Potterless is an audio podcast created by Mike Schubert. The podcast follows Schubert as he reads the Harry Potter series for the first time. Each episode covers a section of the book series and later the movies and fan material as Schubert and one or more guests analyze the story, writing, and characters.

==History==
Schubert wanted to start a podcast believed that an adult reading the series for the first time would be an interesting topic. He invited fans of the series on as guests as counterpoint to his experience. The podcast was conceptualized as one that would "pick apart the story and dethrone it from its lofty perch" but turns into one that "celebrates as the story gets richer."

The first episode of the podcast launched in October 2016. Episodes were initially released bi-weekly, but the release schedule was switched to weekly in 2019. The last book material was covered in episode 89, after which Schubert began covering the Harry Potter films and spin-off materials such as Harry Potter and the Cursed Child. The last regular episode of Potterless was released on August 30, 2021.

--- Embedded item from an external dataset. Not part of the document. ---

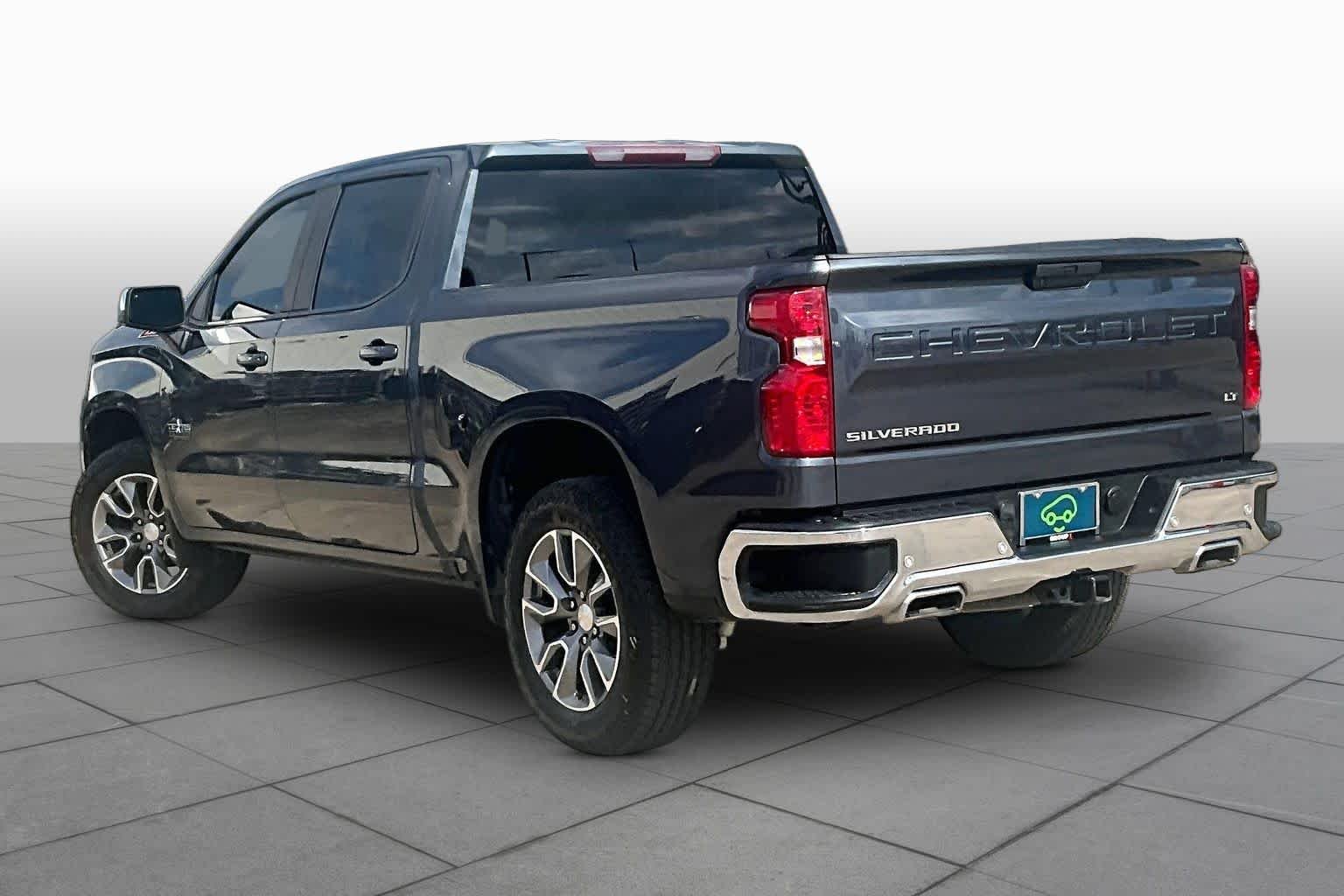 Used 2022 Shadow Gray Metallic Chevrolet LT image 12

Schubert then moved onto the Percy Jackson series by Rick Riordan for his next podcast with a similar concept; this podcast's first full episode was released on September 6, 2021, and is named The Newest Olympian. Schubert still releases content for Potterless from events such as live shows.

Besides The Newest Olympian, Schubert hosts or co-hosts three other podcasts: Horse, Meddling Adults, and Modern Muckraker.

On October 4, 2022, it was announced by Multitude, the podcast network which hosted Potterless, that Schubert and his shows had left the production company.

==Format==
Each episode of the first 89 is dedicated to a chapter or chapters of the book series in chronological reading order. After Schubert finished the books, the episodes moved to discussing the movies. Later, he discussed other Harry Potter-related media, such as the spin-off books and movies, A Very Potter Musical, and Puffs. Episodes are approximately 60 minutes in length, and consist primarily of Schubert and his guest(s) summarizing the plot and providing commentary.

Recurring segments include British Quandaries, in which British citizen Dottie James answers questions from Schubert and his American guests regarding "British-isms".

Schubert donates a portion of his Patreon revenues to charity.

==Reception==
Potterless has been featured by BuzzFeed in lists of recommended podcasts.

The Post called Potterless "the perfect podcast for anyone who has wanted to reread the series but doesn't have the time… [it] provides listeners with opportunity to recall the first time they read the books and follow along on the beautiful journey of listening to someone else do the same." Brighton Journal wrote that Schubert's "genuine enthusiasm for the books is charming."

The Maine Campus called Schubert "cynical" and "too critical." The Student said Schubert's "complete lack of understanding of everyday British words and phrases threatens to irritate rather than amuse."